# What is expected:
As the answer, give exactly the lines of the records below from the one with "Couverture Polaire Otterly" through the one with "Lululemon Hooded Define", ends included and pictures left out.

++++++++++++++++++++

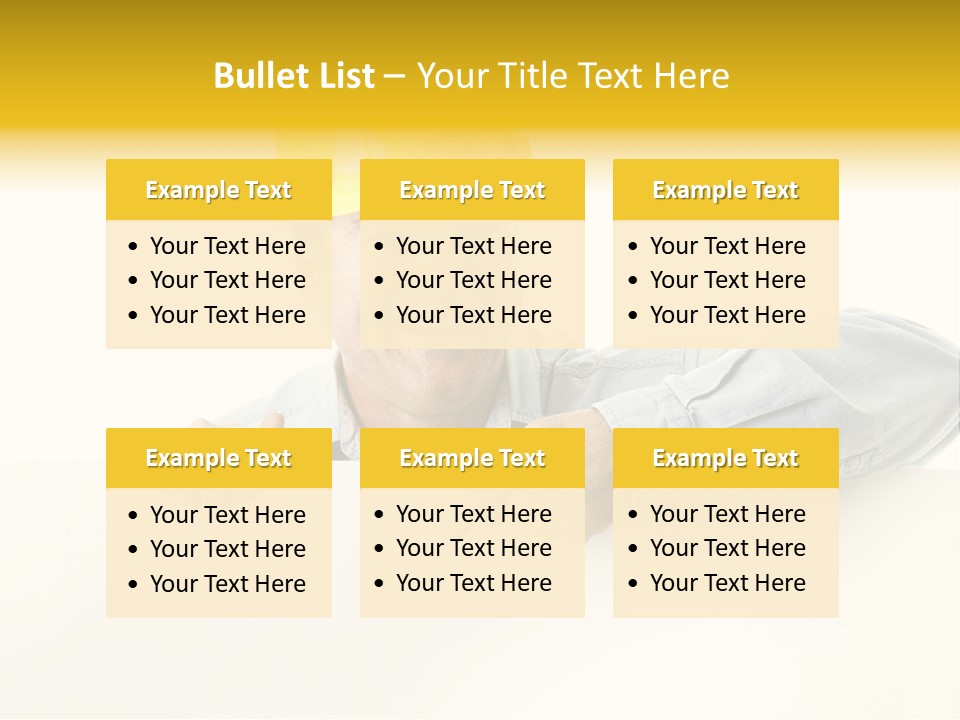 Professional Contractor Smiling PowerPoint Template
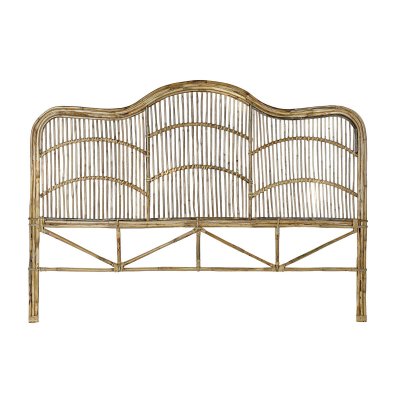 DKD Home Decor Sengegavl DKD Home Decor Hvid Natur 178 x 4 x 128 cm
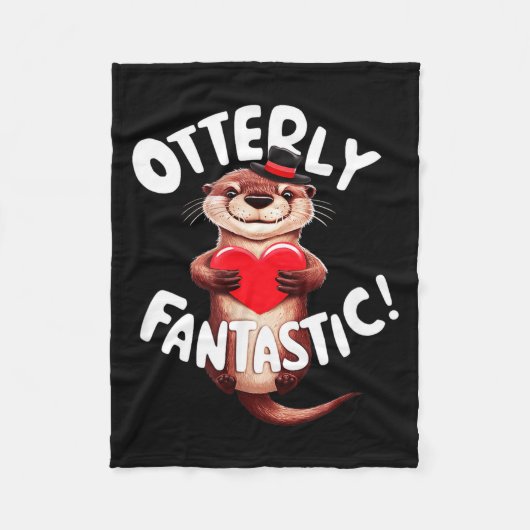 Couverture Polaire Otterly Fantastic Funny Sitive Quote Sea Lover Pun (Devant)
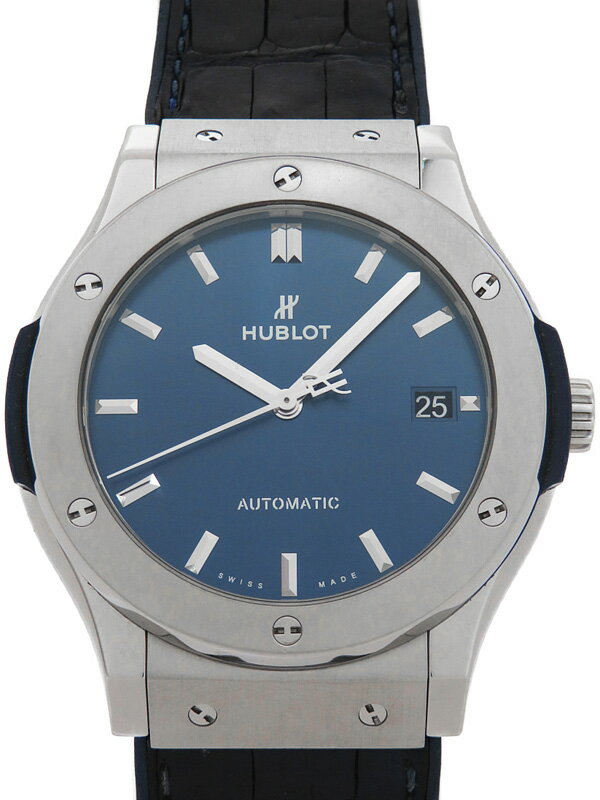 【HUBLOT】ウブロ『クラシック フュージョン チタニウム』511.NX.7170.LR メンズ 自動巻き 6ヶ月保証【中古】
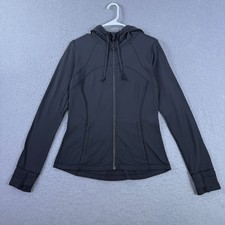 Lululemon Hooded Define Jacket Nulu Women's Size 10 Black Lightweight Gym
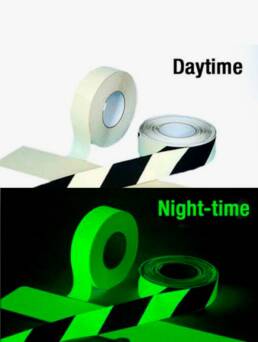 Cinta de marcaje fotoluminiscente anti-deslizante Disset Odiseo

++++++++++++++++++++

# Written response:
 Couverture Polaire Otterly Fantastic Funny Sitive Quote Sea Lover Pun (Devant)
 【HUBLOT】ウブロ『クラシック フュージョン チタニウム』511.NX.7170.LR メンズ 自動巻き 6ヶ月保証【中古】
 Lululemon Hooded Define Jacket Nulu Women's Size 10 Black Lightweight Gym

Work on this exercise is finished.